Microsoft and the IRS head to court over audit practices. The government has been examining Microsoft’s records for tax years 2004-2006 since 2007 but has yet to calculate if the firm owes any tax. Last year the IRS issued a temporary regulation allowing it to use outside counsel in complex audits, and paid the firm Quinn Emanuel $2.2 million to assist in its Microsoft review. Microsoft called foul, arguing that the agency is improperly delegating a governmental function. A US District Court judge in Seattle will hold a hearing on the dispute tomorrow.

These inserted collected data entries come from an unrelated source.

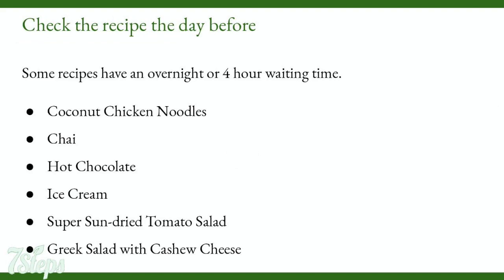Check the recipe the day before. If it's a new recipe, always check it the night before, as some recipes have an overnight or 4-hour waiting time. These include coconut chicken noodles, chai, hot chocolate, ice cream, super sun-dried tomato salad, and Greek salad with cashew cheese. For some of them it's just coconut milk, so you can buy that instead of making it.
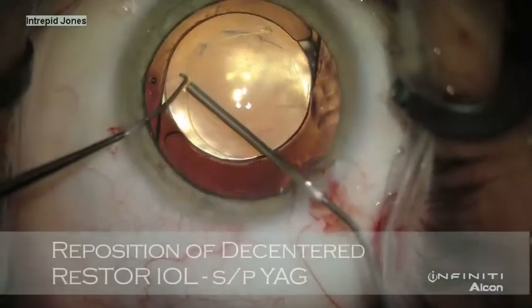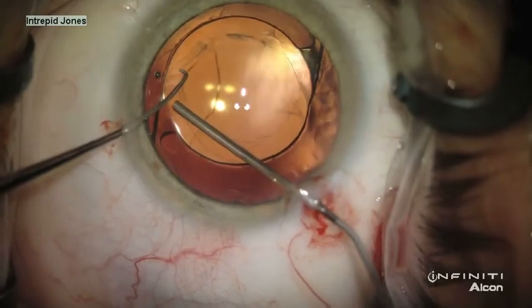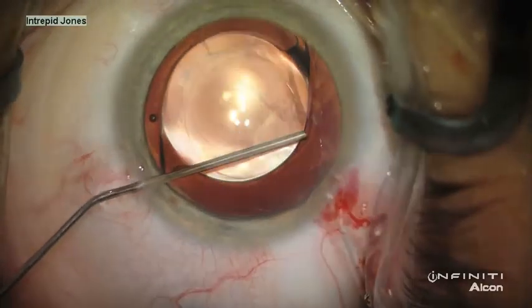In this last challenging case, an engineer has undergone restore implantation as well as YAG capsulotomy several months post-operatively. Unfortunately, his lens is decentered and he has significant complaints of glare.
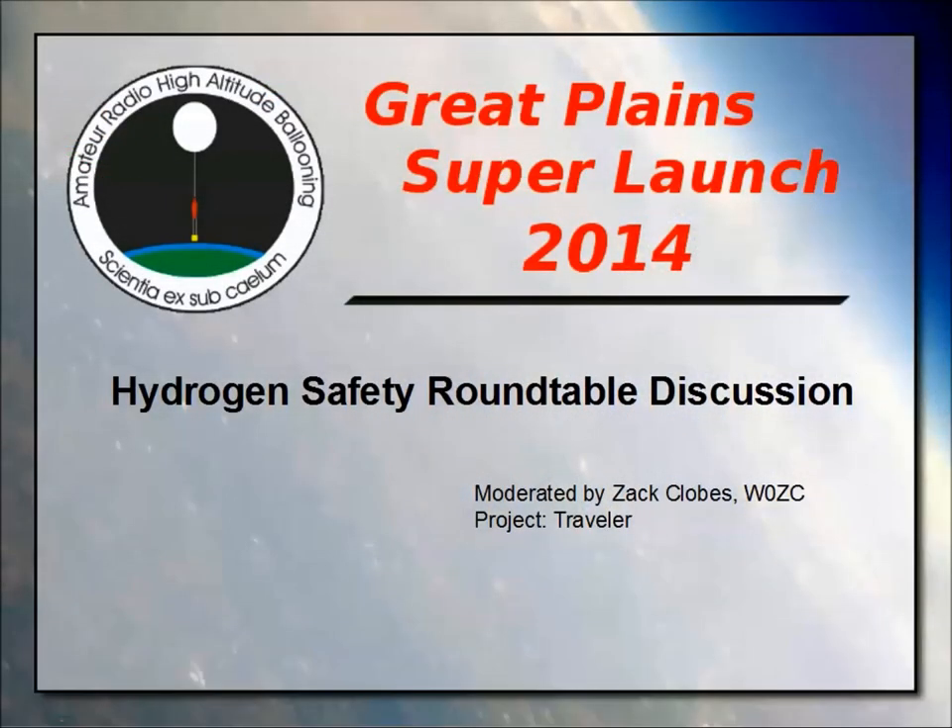I'm going to be the moderator this afternoon. We're going to have three groups. I've got Keith from Nearspace Ventures, Larry Noble from EOSS, and myself from Project Traveler. I've got about four or five hydrogen launches under me, a dozen for EOSS — a dozen and a half or so.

Is an Arizona tax-credit program for public schools equitable? The state’s taxpayers can direct a portion of their Arizona income tax to a public school and get a dollar-for-dollar credit. Taxpayers contributed about $51 million in 2014, averaging about $45 per student. But some schools collected an average of more than $400 per student, and one received nearly a total of $900,000. By contrast, schools with the highest percentage of students who qualified for free- and reduced-priced lunch got much less than average, many receiving little or no money at all.
On the Hill this week. The highway funding clock ticks: Infrastructure funding expires July 31 and Congress continues to wrangle over pay-fors. Meanwhile, tomorrow the Senate Finance Committee will consider a bill to once again temporarily restore expired tax breaks.